The brooms and brushes are out in force as Cuba’s largest city gears up for a major milestone.
Cuban tourism minister Manuel Marrero visited Toronto Friday, providing an update on all that’s happening in his homeland, including preparations for Havana’s celebrating its 500th anniversary in 2019.
“This winter you will find that our capital looks different and this is because it’s in a process of working to recover its heritage, opening new hotels, shopping and cultural centers, all as part of the preparations for the celebration of the 500 years,” Marrero said of a city which has been seeing ongoing restoration for decades.
Havana, which will be the latest of several Cuban cities to reach five centuries, is expected to see year-long celebrations – including concerts – as it marks 500 years of existence.
The anniversary will coincide with ongoing tourism infrastructure development in Havana and other parts of Cuba, with a recent addition to Havana’s hotel scene including an upscale Iberostar property found in an Old Havana landmark building.
Cuban officials note that the country is not only adding hotels but renovating many existing ones.
Canadian visitations to Cuba have fallen 8% this year but Marrero said Canada remains his country’s premier market and noted that September visits to Cuba were up 75% from September of last year, when parts of the north coast were battered by Hurricane Irma. The jump in visitations is seen as proof that any lingering concerns over hurricane damage have been forgotten.
In all, Cuba has seen some 3,553,772 foreign tourists this year, just shy of the number it saw in all of 2017, and up 19% from 2016.
Marrero said winter air capacity from this country to Cuba will probably but not necessarily be similar to that of last year.
He said Cuban tourism attributes include history, culture and beaches, with some of the beaches “among the best in the universe.”
Marrero also praised Cuba as being a particularly safe country.
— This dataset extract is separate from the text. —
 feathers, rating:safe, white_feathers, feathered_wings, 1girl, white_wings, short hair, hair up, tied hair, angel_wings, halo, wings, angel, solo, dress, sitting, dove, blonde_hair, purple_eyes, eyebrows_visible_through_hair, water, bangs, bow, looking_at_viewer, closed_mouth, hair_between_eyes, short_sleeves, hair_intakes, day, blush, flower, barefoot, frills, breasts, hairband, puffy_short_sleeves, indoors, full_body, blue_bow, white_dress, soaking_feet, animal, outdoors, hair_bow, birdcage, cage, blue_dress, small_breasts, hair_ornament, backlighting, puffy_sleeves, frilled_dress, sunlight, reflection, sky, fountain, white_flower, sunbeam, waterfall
“For us, safety is very important in Cuba,” he said, adding that tourist safety can be an issue in some other places in “this crazy world.”
In the photo:
Seen here are Barbara Cruz, general commercial director of the Ministry of Tourism; Marrero; Cuban ambassador Josefina de la C. Vidal Ferreiro; Tania Lopez Larroque, Cuba’s consul general in Toronto; Eloy Govea, director of the Cuba Tourist Board in English Canada; and Michel Bernal Quicutis, commercial director of the Ministry of Tourism.